Work order: Line by line, give the data again exactly as it appears, but without pictures.

═════ Dataset section

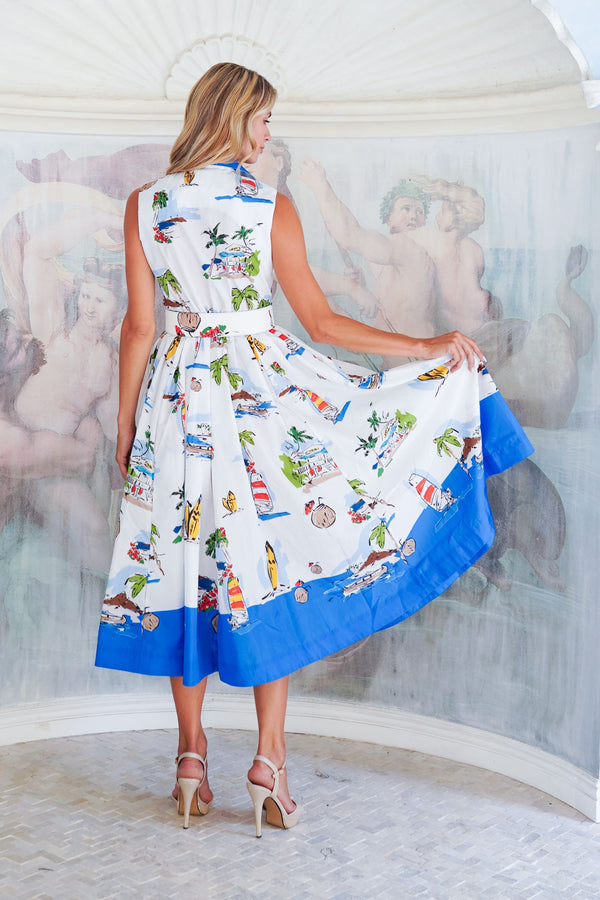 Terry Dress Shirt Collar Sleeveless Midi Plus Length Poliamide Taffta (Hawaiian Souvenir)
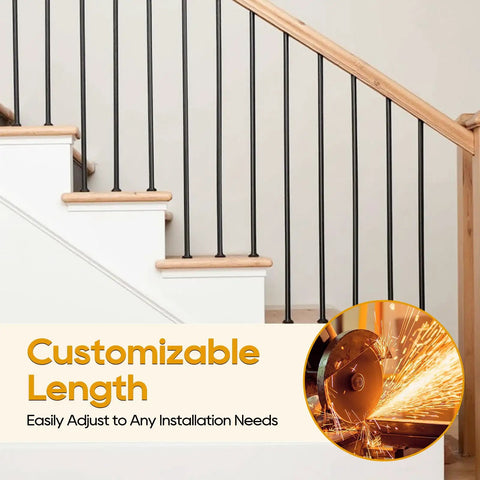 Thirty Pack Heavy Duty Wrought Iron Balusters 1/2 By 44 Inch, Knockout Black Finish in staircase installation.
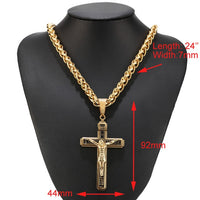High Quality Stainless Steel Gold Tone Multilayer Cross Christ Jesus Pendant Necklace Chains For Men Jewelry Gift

══════════

Answer to this problem:
 Terry Dress Shirt Collar Sleeveless Midi Plus Length Poliamide Taffta (Hawaiian Souvenir)
 Thirty Pack Heavy Duty Wrought Iron Balusters 1/2 By 44 Inch, Knockout Black Finish in staircase installation.
High Quality Stainless Steel Gold Tone Multilayer Cross Christ Jesus Pendant Necklace Chains For Men Jewelry Gift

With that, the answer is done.